Actually, I happen to believe that people should have the right to
discriminate on just about any basis concerning how their property is used
in a private capacity. Constitutionally speaking, it is primarily a Fifth
Amendment issue. The right to discriminate would include, but not be limited
to, decisions concerning who they rent to, who they allow into their places
of business as employees or customers, who they allow into their clubs as
members, who they allow into their private schools as students, etc. Of
course it would also include discrimination concerning decisions on which
business they choose to patronize. Please note, I'm not saying that all such
discrimination is good. In fact, much of the discrimination that people
would be likely to engage in if permitted to do so is personally morally
repugnant to me, but I still feel strongly that there should not be laws
against it.
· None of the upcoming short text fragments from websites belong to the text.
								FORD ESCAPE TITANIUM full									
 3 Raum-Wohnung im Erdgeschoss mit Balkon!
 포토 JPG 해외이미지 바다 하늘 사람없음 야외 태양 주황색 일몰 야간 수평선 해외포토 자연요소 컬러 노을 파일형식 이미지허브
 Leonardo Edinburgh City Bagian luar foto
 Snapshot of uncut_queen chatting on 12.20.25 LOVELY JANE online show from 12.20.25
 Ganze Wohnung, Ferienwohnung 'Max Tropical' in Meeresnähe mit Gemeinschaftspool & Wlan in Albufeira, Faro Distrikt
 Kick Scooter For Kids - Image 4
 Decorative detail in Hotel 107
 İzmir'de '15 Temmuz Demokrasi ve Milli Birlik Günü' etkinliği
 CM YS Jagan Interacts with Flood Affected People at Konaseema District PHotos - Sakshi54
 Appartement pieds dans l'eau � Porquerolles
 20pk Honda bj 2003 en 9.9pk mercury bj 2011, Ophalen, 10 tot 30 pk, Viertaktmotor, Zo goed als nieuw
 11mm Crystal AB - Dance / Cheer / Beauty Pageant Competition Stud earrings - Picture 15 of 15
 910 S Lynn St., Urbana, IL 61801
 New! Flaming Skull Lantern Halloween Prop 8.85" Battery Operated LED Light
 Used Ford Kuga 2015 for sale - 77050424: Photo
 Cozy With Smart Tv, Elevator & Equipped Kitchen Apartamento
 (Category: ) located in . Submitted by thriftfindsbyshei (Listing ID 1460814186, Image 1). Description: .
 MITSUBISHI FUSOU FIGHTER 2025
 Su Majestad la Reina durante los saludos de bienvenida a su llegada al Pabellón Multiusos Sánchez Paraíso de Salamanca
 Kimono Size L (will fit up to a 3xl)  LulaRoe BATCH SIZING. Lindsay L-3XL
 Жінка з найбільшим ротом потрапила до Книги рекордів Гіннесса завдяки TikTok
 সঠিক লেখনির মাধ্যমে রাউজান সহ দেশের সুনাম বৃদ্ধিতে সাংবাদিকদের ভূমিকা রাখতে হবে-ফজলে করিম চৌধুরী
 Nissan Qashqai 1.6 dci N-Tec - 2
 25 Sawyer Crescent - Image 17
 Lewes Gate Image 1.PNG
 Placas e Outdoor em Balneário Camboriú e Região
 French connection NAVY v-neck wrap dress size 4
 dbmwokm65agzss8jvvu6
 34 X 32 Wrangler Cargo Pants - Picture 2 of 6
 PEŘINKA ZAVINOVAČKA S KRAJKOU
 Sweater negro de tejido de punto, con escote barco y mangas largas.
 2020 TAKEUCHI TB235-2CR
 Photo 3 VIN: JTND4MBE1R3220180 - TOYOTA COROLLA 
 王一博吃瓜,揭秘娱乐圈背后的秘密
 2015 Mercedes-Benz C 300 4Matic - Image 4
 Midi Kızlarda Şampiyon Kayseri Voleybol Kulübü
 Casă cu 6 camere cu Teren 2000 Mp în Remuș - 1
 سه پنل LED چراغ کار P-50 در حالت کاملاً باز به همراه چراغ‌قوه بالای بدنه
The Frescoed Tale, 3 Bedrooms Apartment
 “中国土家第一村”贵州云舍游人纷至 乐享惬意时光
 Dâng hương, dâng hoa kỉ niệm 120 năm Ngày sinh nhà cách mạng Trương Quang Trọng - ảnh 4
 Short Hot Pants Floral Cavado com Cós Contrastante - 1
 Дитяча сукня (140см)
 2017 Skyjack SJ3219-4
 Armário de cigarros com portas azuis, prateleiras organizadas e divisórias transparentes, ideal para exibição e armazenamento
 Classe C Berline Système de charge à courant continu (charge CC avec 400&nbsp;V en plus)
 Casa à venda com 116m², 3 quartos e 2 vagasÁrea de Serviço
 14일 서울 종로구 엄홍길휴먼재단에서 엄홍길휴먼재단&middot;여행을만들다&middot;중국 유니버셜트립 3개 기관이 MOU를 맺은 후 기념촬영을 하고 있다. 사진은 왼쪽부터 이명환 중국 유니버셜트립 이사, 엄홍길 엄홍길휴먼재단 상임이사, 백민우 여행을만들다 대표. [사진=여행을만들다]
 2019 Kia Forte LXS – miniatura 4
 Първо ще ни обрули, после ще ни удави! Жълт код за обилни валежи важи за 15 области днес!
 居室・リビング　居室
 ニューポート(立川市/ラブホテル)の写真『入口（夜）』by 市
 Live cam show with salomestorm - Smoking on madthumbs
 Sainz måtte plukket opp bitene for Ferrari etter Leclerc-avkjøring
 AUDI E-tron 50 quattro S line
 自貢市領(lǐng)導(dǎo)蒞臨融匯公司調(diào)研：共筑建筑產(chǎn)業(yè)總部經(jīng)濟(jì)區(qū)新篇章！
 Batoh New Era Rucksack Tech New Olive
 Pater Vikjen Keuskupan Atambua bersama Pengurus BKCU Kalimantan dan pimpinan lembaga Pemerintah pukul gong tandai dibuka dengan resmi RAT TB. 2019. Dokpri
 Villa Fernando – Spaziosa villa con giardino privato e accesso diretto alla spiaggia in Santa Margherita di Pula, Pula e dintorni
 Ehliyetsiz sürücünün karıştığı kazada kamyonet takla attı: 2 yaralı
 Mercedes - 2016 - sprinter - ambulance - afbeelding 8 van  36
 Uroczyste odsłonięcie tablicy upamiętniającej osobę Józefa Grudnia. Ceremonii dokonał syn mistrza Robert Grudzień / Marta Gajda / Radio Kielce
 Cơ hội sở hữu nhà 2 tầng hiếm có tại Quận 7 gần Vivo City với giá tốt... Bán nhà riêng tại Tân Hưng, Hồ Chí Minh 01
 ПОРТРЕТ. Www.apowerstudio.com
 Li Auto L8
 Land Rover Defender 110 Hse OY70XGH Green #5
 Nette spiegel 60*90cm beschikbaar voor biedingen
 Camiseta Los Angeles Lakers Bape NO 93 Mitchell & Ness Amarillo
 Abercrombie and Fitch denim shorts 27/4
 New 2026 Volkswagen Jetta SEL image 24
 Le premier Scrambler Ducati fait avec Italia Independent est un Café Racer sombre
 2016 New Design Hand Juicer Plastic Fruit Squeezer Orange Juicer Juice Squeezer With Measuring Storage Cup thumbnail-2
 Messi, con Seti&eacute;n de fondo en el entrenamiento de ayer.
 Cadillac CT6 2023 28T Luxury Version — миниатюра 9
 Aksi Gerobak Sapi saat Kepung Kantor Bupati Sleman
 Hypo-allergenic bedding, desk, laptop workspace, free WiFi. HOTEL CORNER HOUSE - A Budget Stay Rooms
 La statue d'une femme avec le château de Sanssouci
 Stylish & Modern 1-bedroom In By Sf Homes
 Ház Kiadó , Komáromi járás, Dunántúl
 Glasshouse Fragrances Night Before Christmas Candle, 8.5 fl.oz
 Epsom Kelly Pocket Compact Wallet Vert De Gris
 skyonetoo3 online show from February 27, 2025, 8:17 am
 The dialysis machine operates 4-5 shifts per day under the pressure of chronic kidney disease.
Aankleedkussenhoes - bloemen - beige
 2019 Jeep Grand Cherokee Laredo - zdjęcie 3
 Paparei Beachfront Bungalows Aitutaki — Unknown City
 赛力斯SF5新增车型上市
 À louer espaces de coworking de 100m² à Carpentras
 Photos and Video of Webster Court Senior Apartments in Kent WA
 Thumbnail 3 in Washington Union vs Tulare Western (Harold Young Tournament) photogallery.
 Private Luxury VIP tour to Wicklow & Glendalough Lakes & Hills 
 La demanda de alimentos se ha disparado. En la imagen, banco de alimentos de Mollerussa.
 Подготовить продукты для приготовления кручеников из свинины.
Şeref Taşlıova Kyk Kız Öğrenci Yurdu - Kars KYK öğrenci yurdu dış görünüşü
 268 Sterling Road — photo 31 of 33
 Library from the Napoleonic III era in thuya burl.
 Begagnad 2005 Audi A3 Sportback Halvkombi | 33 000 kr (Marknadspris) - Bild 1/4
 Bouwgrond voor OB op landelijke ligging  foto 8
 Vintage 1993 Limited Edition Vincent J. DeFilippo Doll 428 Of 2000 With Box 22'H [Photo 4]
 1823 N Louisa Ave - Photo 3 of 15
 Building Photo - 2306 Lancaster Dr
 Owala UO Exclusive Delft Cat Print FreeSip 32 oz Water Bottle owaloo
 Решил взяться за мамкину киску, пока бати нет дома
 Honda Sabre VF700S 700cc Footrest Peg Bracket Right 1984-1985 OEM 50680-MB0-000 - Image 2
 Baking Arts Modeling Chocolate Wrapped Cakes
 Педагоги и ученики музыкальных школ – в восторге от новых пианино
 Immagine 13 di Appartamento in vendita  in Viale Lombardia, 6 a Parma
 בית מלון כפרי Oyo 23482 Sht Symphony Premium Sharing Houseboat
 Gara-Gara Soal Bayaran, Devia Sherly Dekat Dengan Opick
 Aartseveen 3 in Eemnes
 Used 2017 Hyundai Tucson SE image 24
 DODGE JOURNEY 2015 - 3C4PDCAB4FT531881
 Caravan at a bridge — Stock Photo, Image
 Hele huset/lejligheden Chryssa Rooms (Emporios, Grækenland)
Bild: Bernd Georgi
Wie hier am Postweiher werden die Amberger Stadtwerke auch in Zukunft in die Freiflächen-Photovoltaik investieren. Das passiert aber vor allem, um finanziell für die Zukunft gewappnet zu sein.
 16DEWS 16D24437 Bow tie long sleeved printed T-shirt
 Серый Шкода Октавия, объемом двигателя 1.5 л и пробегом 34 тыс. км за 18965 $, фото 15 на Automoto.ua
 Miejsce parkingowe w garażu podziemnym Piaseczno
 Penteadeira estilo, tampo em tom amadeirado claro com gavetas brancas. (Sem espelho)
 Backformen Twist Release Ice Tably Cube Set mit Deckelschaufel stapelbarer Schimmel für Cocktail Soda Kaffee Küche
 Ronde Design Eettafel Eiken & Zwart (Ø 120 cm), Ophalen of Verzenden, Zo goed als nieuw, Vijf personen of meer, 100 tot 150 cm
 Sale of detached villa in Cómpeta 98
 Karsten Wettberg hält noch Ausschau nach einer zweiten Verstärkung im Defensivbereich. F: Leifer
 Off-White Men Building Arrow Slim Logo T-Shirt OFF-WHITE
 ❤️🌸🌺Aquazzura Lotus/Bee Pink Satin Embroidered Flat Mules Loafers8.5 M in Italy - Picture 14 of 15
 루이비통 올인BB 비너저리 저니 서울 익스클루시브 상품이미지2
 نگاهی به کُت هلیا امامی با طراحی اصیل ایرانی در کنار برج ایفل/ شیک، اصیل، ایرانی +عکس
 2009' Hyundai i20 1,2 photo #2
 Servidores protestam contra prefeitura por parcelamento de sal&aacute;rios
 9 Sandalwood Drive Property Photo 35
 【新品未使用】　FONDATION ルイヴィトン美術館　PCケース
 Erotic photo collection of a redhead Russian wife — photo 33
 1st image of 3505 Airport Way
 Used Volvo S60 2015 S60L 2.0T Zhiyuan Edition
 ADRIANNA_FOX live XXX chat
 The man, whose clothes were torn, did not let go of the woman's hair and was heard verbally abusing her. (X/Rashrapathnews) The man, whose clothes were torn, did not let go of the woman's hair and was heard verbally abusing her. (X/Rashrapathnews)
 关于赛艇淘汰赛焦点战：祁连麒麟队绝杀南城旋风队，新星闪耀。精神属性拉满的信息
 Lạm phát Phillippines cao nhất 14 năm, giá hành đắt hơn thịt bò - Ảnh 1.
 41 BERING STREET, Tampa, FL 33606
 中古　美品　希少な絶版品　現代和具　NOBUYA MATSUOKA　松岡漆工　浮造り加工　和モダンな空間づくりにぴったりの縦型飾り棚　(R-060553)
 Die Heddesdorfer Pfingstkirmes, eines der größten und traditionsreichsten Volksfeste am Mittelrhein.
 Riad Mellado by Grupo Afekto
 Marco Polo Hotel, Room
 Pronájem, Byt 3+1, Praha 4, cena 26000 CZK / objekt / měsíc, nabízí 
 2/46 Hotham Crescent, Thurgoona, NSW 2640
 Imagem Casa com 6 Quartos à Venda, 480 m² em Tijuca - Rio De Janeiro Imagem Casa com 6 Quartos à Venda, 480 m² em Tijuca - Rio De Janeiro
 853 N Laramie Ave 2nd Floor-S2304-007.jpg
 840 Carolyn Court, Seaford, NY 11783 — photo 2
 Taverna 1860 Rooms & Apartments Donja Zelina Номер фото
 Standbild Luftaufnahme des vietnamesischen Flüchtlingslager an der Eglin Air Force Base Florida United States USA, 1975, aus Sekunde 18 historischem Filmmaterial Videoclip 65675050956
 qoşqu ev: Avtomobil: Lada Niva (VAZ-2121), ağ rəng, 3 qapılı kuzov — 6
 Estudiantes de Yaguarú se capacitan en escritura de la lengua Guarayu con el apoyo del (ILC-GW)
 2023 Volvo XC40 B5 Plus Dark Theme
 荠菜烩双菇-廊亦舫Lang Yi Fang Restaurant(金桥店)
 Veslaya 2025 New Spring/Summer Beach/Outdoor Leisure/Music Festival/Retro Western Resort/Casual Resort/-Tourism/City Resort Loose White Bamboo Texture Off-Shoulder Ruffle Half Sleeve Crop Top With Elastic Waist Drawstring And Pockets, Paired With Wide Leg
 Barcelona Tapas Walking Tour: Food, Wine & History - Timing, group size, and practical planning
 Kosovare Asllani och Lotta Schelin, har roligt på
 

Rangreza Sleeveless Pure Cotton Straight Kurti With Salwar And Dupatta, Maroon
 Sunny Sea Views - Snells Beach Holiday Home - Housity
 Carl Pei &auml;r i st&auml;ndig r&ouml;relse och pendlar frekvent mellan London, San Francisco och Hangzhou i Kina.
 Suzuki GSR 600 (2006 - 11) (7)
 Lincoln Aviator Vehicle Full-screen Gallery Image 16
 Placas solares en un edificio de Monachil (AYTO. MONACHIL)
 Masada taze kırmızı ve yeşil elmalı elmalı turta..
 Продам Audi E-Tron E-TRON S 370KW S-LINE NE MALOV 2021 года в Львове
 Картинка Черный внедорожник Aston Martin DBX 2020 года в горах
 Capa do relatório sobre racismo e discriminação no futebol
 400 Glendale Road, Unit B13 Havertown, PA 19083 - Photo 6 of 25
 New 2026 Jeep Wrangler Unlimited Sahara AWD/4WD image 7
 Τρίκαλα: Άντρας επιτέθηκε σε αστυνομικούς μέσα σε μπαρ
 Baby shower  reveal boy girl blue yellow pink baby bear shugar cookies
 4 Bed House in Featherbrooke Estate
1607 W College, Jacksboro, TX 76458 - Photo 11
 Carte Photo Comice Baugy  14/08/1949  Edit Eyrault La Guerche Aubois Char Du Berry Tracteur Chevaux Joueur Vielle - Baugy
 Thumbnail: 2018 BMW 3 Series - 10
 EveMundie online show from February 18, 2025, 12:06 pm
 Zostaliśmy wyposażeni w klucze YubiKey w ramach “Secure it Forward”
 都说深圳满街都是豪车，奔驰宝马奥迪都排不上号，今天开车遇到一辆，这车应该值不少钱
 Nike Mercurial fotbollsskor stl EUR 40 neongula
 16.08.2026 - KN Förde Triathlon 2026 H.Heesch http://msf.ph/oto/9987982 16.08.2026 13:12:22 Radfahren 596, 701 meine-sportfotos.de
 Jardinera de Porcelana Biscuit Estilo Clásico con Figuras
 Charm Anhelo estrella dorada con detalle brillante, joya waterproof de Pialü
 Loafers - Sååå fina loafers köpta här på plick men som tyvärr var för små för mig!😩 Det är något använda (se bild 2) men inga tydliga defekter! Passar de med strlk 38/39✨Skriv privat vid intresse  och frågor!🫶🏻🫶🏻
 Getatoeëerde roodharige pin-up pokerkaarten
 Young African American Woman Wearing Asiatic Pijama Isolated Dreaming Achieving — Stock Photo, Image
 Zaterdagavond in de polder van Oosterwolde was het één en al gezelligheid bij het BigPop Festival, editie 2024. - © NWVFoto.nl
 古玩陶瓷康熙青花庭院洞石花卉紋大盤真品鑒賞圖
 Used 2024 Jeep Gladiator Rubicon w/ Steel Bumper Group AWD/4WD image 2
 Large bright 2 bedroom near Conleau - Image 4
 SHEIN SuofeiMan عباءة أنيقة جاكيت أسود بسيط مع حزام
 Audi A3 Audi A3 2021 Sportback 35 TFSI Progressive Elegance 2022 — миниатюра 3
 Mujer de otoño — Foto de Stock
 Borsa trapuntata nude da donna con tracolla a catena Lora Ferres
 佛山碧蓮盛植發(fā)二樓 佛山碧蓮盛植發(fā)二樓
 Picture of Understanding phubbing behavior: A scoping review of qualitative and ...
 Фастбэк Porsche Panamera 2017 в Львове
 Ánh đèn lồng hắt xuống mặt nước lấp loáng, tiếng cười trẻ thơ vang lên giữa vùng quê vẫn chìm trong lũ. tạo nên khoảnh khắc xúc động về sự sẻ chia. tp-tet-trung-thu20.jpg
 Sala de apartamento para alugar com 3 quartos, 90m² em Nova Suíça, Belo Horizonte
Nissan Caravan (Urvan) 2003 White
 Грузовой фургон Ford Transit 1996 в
I believe that God will bring all things into judgment,
including our incorrect discriminations, but it does not follow from that
fact that we should therefore declare all "incorrect" discriminations to be
illegal. From the Christian perspective, we ought to be discriminating just
as Jesus would discriminate if He was in our position. There is no doubt in
my mind that Jesus would discriminate if He was in our position, but the
difference is that his discrimination would always be perfect and free from
sin, while ours often is not.

Another way of putting it is, we are all called to make just judgment. God's
judgments are just; ours often are not. Nevertheless, judgment is
inescapable for humans since we are all made in God's image, and since
judgment is one of the things God does, it is also one of the things that
God's images do. But we must judge as He would judge if we are to image Him
correctly.

So, I repeat, I believe that people should have the right to discriminate.
It is one of the things that we need to live out what it means to be human.
Thus, I think Rose Huskey and her ilk should, legally speaking, have the
right to discriminate against people simply for being members of Christ
Church. According to my own logic I need to accept that they have that
right, even if they are making exceedingly bad judgment when they exercise
that right.

However, we should also note that when Huskey and her ilk discriminate in
this way, they are being hypocritical in the extreme. Can you imagine how
they would react if the shoe was on the other foot? What would happen if the
logic of this call for a boycott was applied in the other direction and
taken to its logical conclusion? I can tell you exactly what would happen --
we would see the complete overthrow of most of the so-called "civil rights"
laws that Huskey and her ilk fought to have passed in the past half century.
According to my logic, a boycott of Christ Church businesses is defensible
at least as being within the bounds of peoples' rights; however, according
to the logic that has been driving Huskey and her ilk, the boycott in
question cannot be logically defended. We simply have to say that it
constitutes gross hypocrisy, pure and simple. Basically, what it comes down
to is this: "Whatever I personally oppose is okay to discriminate against,
but whatever I personally support must not be discriminated against." That's
really what the position of Huskey and her ilk boils down to.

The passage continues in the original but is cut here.